When we left out of Bozeman headed for Atlanta the weather report was moderate winds and party cloudy skies in ATL. Those turned into gale force winds, and huge-ass thunderheads. I think one of them actually looked like my third grade teacher....

Anyway, I was thinking "so much for partly cloudy" as I was cinching my seat belt tighter when the captain came on the p.a., said it was going to be rough and for the flight attends to sit the fuck down!
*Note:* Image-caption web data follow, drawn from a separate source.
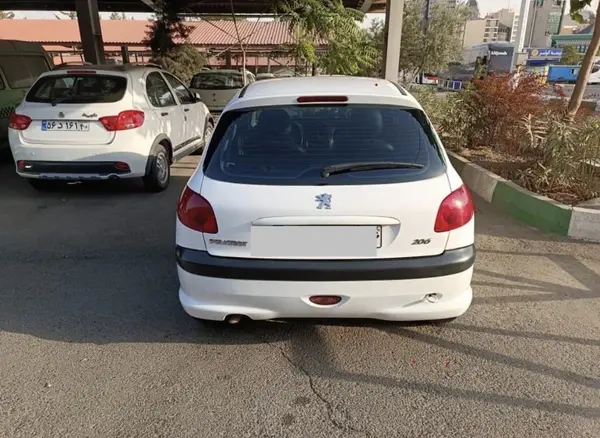 پژو  206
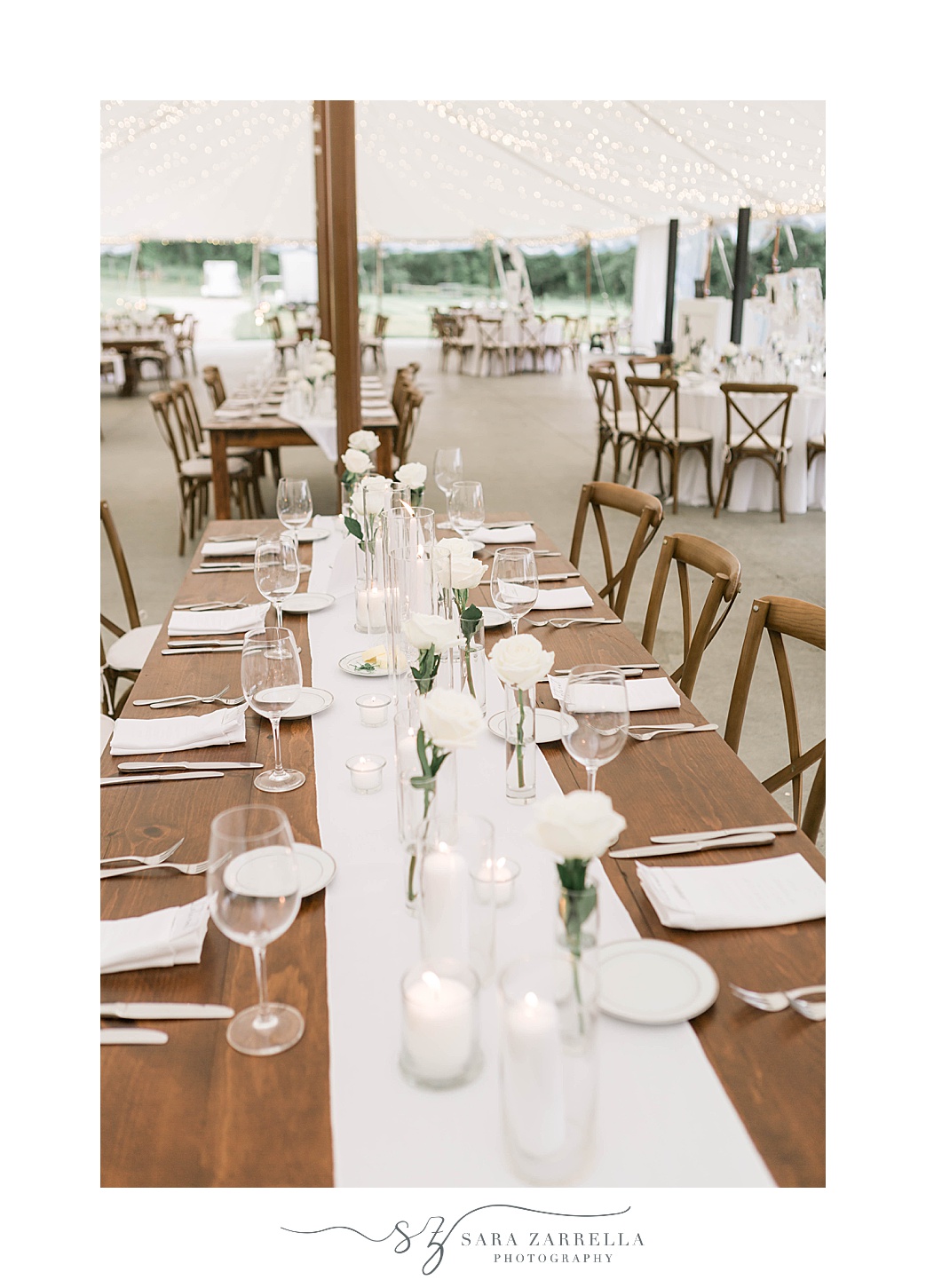 wedding reception with white table runner onwoodne table 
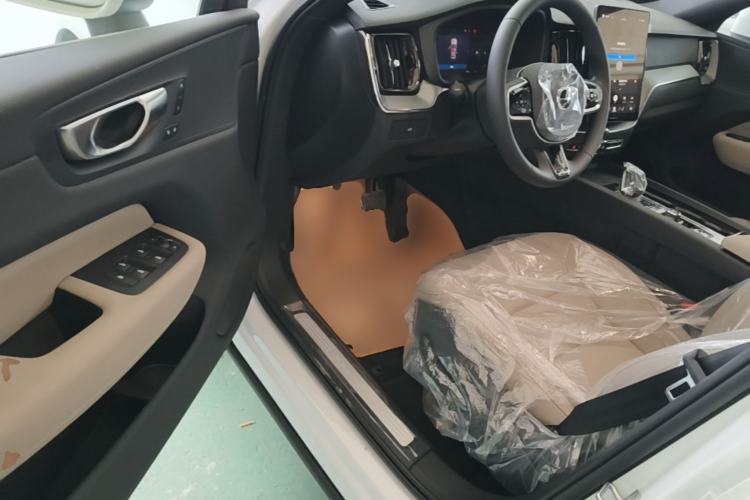 Used Volvo XC60 2026 B5 4x4 Smart Luxury Edition Driver Seat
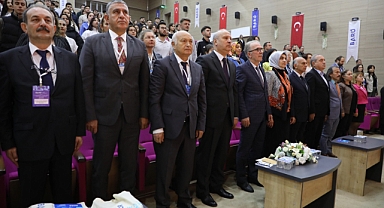 BARÜ’de düzenlenen kongrede büro yönetiminde güncel yaklaşımlar ele alındı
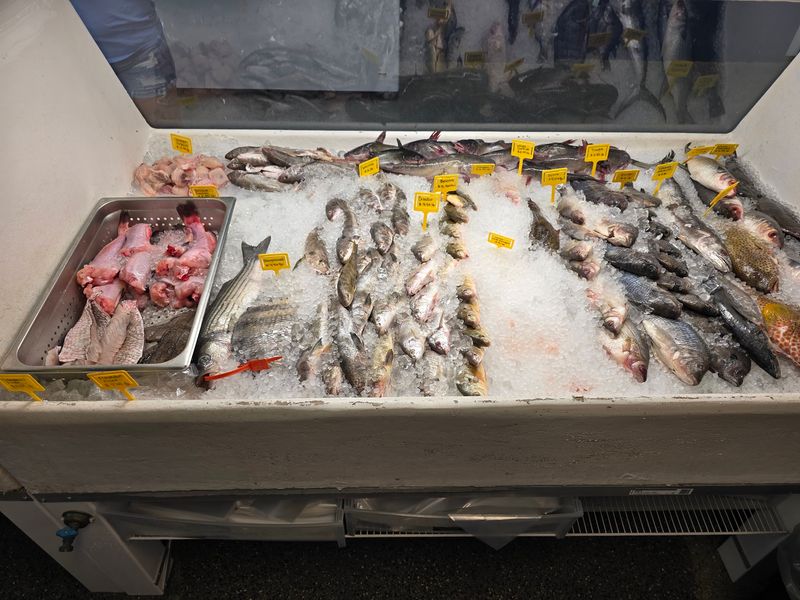 A Family Seafood Counter That Has Been Going Strong Since 1990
We flew through a thunder cell. This was not fun. It wasn't as bad as the Ireland fiasco, but it wasn't far from it. People were white-knuckling whatever they could get their hands on and literally screaming in terror as the plane would drop or be violently thrown side to side. I guess some people pay for this type of thing at amusement parks, but I'm not particularly sadistic in this regard and didn't enjoy it much. At least nobody was puking.

This was on a 757 and so I'm thinking the whole time - now what did Mrs. Bling! and Bling! me about tolerances? What about those rivets and stress fractures, etc. etc. as the wing is "cycling." That's a nice way of saying that it reminded me of a diving board after a fat bastard just went off into the deep end. And nobody says much when your iPod is floating off your lap.

But, yes....we made it....to another airport. Mainly because after flying through the cell it was decided that it was too dangerous to land. We made it to a regional airport and waited to get re-fueled (Bling! does this sound familiar?). They wouldn't let us off the plane so I was walking around and started talking to the captain. He was pulling up the weather radar on his do-hickey and was showing me the huge-ass red cell that we just flew through. I couldn't tell, but I think he was actually bragging a little bit. I wanted to wring his neck.

Anyway, I just wanted to say a quick thank you to Bling! and Mrs. Bling! for all the tin files and things they have told me over the years. I put it to good use up there.

But it wasn’t over, yet….because we flew back to ATL and of course all the connecting flights were either gone or cancelled. So there was about…oh…the entire population of Georgia at the airport trying to get their bags, a hotel, a car, something to eat, you name it.

Delta already had me re-booked on the first flight out and a voucher for a discount at a hotel. So I called the hotel and they wouldn’t answer the phone….at all…..ever… so I gave up and scrambled for the “courtesy” phone wall and began calling all the hotels in the area. I lucked out (?) and got a roach-infested flea-bag hotel for $100.00. Now all I had to do was grab a shuttle.

Let me tell you that ATL has got the most fucked up, ass-backwards, inefficient shuttle and bus system I have ever seen at an airport. It was a disaster. It was crowded to the point of not being able to move, everybody was pissed off, and nobody could get to their shuttles because nobody knew where they would park, there were no lines, it was complete chaos, and it was hot. Isn’t that a great combo??

After being pissed off for another hour or so I finally gave up and grabbed a taxi. I got to the roach motel about 1:00am and then was able to get a pizza delivered (I hadn’t eaten in about 12 hours at this point) and crashed about 2:00am. BTW, did I mention that the floor at the hotel was slimy? It was rather disgusting and of course my luggage was “in transit” and I had no fresh clothes after sweating my balls off at the shuttle service.

You might recall I said I had the first flight out and I finally got crashed about 2:00am. So after four hours of broken sleep I made it to the airport to grab the flight. I obviously still haven’t appeased the travel gods.